Could you retype all of the entries below word for word?

········

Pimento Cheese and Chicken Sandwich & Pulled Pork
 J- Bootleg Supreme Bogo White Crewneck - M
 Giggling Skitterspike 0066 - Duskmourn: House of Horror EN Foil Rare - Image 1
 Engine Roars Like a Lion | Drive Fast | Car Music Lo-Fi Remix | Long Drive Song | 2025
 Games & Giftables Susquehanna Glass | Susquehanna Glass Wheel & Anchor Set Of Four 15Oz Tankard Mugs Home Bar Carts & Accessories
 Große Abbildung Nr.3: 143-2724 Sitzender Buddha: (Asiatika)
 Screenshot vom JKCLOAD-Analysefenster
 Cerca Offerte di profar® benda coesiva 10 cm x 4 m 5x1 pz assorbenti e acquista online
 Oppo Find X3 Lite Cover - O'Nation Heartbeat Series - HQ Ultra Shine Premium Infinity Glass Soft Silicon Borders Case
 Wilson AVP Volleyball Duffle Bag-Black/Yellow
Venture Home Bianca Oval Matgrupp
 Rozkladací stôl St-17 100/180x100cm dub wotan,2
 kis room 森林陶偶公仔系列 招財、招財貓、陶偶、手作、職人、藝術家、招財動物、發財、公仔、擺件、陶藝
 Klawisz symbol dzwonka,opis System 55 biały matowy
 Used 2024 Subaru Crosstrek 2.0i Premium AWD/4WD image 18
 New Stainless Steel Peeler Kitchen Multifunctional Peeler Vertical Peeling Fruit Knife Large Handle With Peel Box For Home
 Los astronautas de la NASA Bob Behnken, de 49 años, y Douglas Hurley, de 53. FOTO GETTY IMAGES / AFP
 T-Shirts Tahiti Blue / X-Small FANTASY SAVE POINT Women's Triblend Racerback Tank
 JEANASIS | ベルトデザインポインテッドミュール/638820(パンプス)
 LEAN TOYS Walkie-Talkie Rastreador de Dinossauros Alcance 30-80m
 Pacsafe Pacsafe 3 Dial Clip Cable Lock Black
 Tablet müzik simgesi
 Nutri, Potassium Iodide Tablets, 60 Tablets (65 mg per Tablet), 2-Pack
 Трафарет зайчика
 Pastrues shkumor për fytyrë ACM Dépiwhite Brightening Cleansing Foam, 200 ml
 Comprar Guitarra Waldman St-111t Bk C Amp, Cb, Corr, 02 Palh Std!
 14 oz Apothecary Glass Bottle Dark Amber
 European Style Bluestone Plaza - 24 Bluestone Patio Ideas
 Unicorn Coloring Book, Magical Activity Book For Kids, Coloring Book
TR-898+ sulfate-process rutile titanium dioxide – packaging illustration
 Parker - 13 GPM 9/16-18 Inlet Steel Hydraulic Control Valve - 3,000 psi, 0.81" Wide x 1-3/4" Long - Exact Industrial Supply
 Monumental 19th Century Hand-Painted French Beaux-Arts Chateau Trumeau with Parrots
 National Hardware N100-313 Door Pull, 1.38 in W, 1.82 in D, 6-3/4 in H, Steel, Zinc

········

WRITTEN ANSWER:
Pimento Cheese and Chicken Sandwich & Pulled Pork
 J- Bootleg Supreme Bogo White Crewneck - M
 Giggling Skitterspike 0066 - Duskmourn: House of Horror EN Foil Rare - Image 1
 Engine Roars Like a Lion | Drive Fast | Car Music Lo-Fi Remix | Long Drive Song | 2025
 Games & Giftables Susquehanna Glass | Susquehanna Glass Wheel & Anchor Set Of Four 15Oz Tankard Mugs Home Bar Carts & Accessories
 Große Abbildung Nr.3: 143-2724 Sitzender Buddha: (Asiatika)
 Screenshot vom JKCLOAD-Analysefenster
 Cerca Offerte di profar® benda coesiva 10 cm x 4 m 5x1 pz assorbenti e acquista online
 Oppo Find X3 Lite Cover - O'Nation Heartbeat Series - HQ Ultra Shine Premium Infinity Glass Soft Silicon Borders Case
 Wilson AVP Volleyball Duffle Bag-Black/Yellow
Venture Home Bianca Oval Matgrupp
 Rozkladací stôl St-17 100/180x100cm dub wotan,2
 kis room 森林陶偶公仔系列 招財、招財貓、陶偶、手作、職人、藝術家、招財動物、發財、公仔、擺件、陶藝
 Klawisz symbol dzwonka,opis System 55 biały matowy
 Used 2024 Subaru Crosstrek 2.0i Premium AWD/4WD image 18
 New Stainless Steel Peeler Kitchen Multifunctional Peeler Vertical Peeling Fruit Knife Large Handle With Peel Box For Home
 Los astronautas de la NASA Bob Behnken, de 49 años, y Douglas Hurley, de 53. FOTO GETTY IMAGES / AFP
 T-Shirts Tahiti Blue / X-Small FANTASY SAVE POINT Women's Triblend Racerback Tank
 JEANASIS | ベルトデザインポインテッドミュール/638820(パンプス)
 LEAN TOYS Walkie-Talkie Rastreador de Dinossauros Alcance 30-80m
 Pacsafe Pacsafe 3 Dial Clip Cable Lock Black
 Tablet müzik simgesi
 Nutri, Potassium Iodide Tablets, 60 Tablets (65 mg per Tablet), 2-Pack
 Трафарет зайчика
 Pastrues shkumor për fytyrë ACM Dépiwhite Brightening Cleansing Foam, 200 ml
 Comprar Guitarra Waldman St-111t Bk C Amp, Cb, Corr, 02 Palh Std!
 14 oz Apothecary Glass Bottle Dark Amber
 European Style Bluestone Plaza - 24 Bluestone Patio Ideas
 Unicorn Coloring Book, Magical Activity Book For Kids, Coloring Book
TR-898+ sulfate-process rutile titanium dioxide – packaging illustration
 Parker - 13 GPM 9/16-18 Inlet Steel Hydraulic Control Valve - 3,000 psi, 0.81" Wide x 1-3/4" Long - Exact Industrial Supply
 Monumental 19th Century Hand-Painted French Beaux-Arts Chateau Trumeau with Parrots
 National Hardware N100-313 Door Pull, 1.38 in W, 1.82 in D, 6-3/4 in H, Steel, Zinc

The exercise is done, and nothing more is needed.